ZMLX: Triton for Apple Silicon. Custom Metal GPU kernels for MLX with Triton-like ergonomics. Killer feature: 1.3-1.6x MoE inference speedup via fused expert routing.

Project description

ZMLX — Triton for Apple Silicon

PyPI Python 3.10+ License: MIT Platform: macOS Apple Silicon

The Triton-like toolkit for MLX — write custom Metal GPU kernels from Python with one-line ergonomics, automatic gradients, and built-in autotuning.

MoE models get 1.3–1.6x inference speedup with patch(model) — fused expert routing eliminates kernel launches MLX doesn't optimize. Dense models are neutral (safe, no regressions). Benchmarks

Model Prompt Decode Status
Qwen3-30B-A3B (MoE) +61% +37% Validated
Qwen3-30B-A3B-Instruct (MoE) +60% +31% Validated
GLM-4.7-Flash (MoE, pre-computed gating) +1% -1% Neutral — gating already @mx.compile-optimized, expanding support
Dense models (8B–32B) neutral neutral Safe, no regressions
pip install zmlx

Speed up MoE inference in 3 lines:

import mlx_lm
from zmlx.patch import patch

model, tokenizer = mlx_lm.load("mlx-community/Qwen3-30B-A3B-Instruct-2507-4bit")
patch(model)  # +60% prompt, +31% decode — safe on all models, MoE gets the win

Or write custom GPU kernels in one line:

from zmlx.api import elementwise
import mlx.core as mx

# Math formula → compiled Metal kernel → runs on GPU
mish = elementwise("x * tanh(log(1 + exp(x)))", name="mish")
y = mish(mx.random.normal((1024,)))

What's New in v0.6.1

  • Benchmark default fixed: inference_benchmark.py now uses FUSED_ACTIVATIONS by default (matching patch(model) behavior). Previously defaulted to ALL_PATTERNS, giving misleadingly low decode numbers. Use --all-patterns to opt in to norms/softmax.
  • Qwen3-30B-A3B (base) validated: +61% prompt / +37% decode — freshly confirmed on v0.6.1.
  • GLM-4.7-Flash: neutral (gating already @mx.compile-optimized) — expanding support in progress.

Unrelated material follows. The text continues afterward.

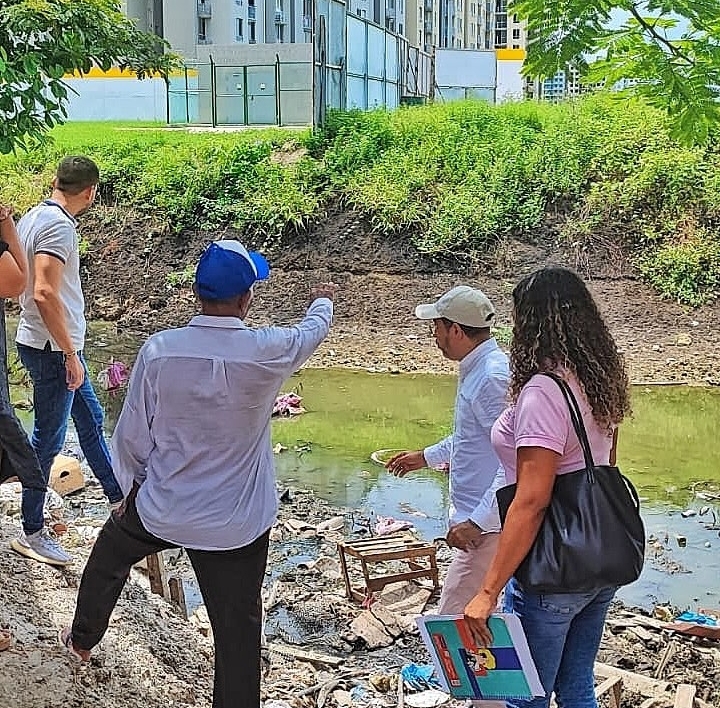 LA COMUNIDAD DEL BARRIO  SAN JOSÉ DE LOS CAMPANOS  HIZO UN LLAMADO Y LA PERSONERÍA ACUDIÓ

Previous highlights (v0.6.0)

  • mode parameter: patch(model, mode="training") for workload-aware preset selection.
  • Validated benchmarks: MoE models get 1.3–1.6x; dense models are neutral; ALL_PATTERNS causes 3–5% regression — docstrings now warn explicitly.

Previous highlights (v0.4–0.5)

  • MoE patch — fused top2_gating_softmax + moe_combine eliminates 4+ kernel launches in expert routing
  • High-level APIelementwise(), reduce(), map_reduce() for kernel authoring in one line
  • JIT compiler@jit decorator compiles Python scalar expressions to Metal
  • Smart patchingsmart_patch() auto-benchmarks each pattern and keeps only what helps
  • Training pipelinezmlx train CLI for LoRA fine-tuning with ZMLX patches
  • 70+ kernel catalog — activations, norms, RoPE, attention, MoE, quantization, loss, bit ops

Why ZMLX?

When you need a custom GPU op on Apple Silicon, your options today are:

  1. Write raw Metal source strings, manage caching, figure out threadgroups, wire up autodiff manually
  2. Use ZMLX

ZMLX wraps mx.fast.metal_kernel and mx.custom_function to provide Triton-like ergonomics:

  • One-line kernel authoring — define elementwise, reduction, and map-reduce ops from C expressions
  • Automatic gradients — custom VJP backward passes (themselves Metal kernels) via mx.custom_function
  • Define-once caching — kernels compile once, reused by source hash + config
  • Autotuning — threadgroup size search with persistent caching
  • Testing & benchmarking — verify against reference ops, compare timings side-by-side
  • Model patching — swap MLX layers for fused ZMLX kernels with patch(model)

Install

Requirements: macOS (Apple Silicon), Python >= 3.10, mlx >= 0.30.0

pip install zmlx

From source (development):

git clone https://github.com/Hmbown/ZMLX.git
cd ZMLX
pip install -e ".[dev]"

Quick Start

1. Custom elementwise kernel

from zmlx.api import elementwise
import mlx.core as mx

# Non-differentiable — just forward pass
fast_exp = elementwise("metal::exp(x)", name="fast_exp")
y = fast_exp(mx.random.normal((1024,)))

# Differentiable — with custom VJP
from zmlx import msl

silu = elementwise(
    "kk_silu(x)",
    name="my_silu",
    grad_expr="g * (s + x * s * ((T)1 - s))",
    grad_prelude="T s = kk_sigmoid(x);",
    use_output=False,
    header=msl.DEFAULT_HEADER,
)
gx = mx.grad(lambda z: silu(z).sum())(mx.random.normal((1024,)))

2. Custom reduction

from zmlx.api import reduce
import mlx.core as mx

my_sum = reduce(init="0.0f", update="acc + v", name="row_sum")
y = my_sum(mx.random.normal((8, 1024)))  # shape (8,)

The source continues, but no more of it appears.